### PROVIDED MATERIAL
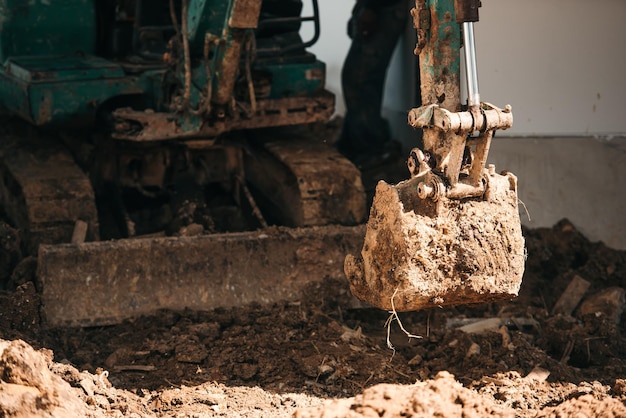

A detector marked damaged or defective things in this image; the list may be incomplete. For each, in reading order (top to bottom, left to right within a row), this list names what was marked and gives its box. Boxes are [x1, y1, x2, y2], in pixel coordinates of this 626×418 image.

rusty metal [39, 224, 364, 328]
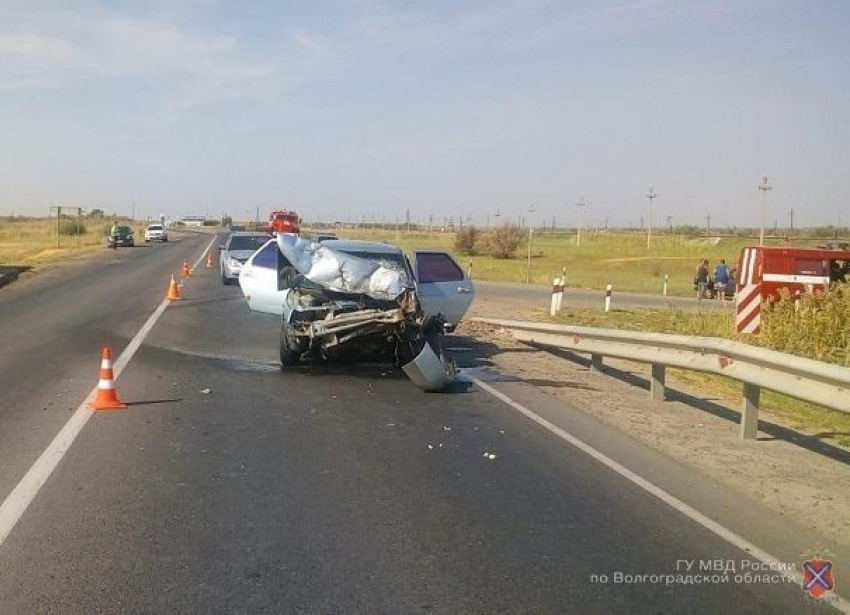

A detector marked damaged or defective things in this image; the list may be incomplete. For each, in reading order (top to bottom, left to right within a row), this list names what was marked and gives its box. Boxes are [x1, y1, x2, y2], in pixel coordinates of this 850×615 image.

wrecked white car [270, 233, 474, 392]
...
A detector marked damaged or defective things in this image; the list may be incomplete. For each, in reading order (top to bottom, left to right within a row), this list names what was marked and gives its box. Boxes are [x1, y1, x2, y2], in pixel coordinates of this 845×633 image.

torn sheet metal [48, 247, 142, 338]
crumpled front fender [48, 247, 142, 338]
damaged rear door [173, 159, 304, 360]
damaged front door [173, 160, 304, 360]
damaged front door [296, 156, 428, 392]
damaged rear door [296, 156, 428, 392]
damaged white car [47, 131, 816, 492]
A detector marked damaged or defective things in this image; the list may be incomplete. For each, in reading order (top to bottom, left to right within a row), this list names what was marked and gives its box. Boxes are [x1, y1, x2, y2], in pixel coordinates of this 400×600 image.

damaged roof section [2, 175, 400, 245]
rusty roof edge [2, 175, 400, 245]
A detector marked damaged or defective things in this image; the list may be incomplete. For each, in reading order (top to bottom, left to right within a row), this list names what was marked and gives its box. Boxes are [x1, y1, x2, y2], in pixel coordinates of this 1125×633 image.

### EXERCISE INSTRUCTIONS
Copy, exactly and only, the lines above that begin with the one containing "this 400×600 image." and finish with the one containing "this 1125×633 image.".

### RESULT FOR THIS EXERCISE
A detector marked damaged or defective things in this image; the list may be incomplete. For each, in reading order (top to bottom, left to right within a row), this list names what was marked and gives its box. Boxes are [x1, y1, x2, y2], in pixel coordinates of this 400×600 image.

damaged roof section [2, 175, 400, 245]
rusty roof edge [2, 175, 400, 245]
A detector marked damaged or defective things in this image; the list may be incomplete. For each, in reading order (top to bottom, left to right within a row), this list names what was marked and gives its box. Boxes are [x1, y1, x2, y2], in pixel coordinates of this 1125×633 image.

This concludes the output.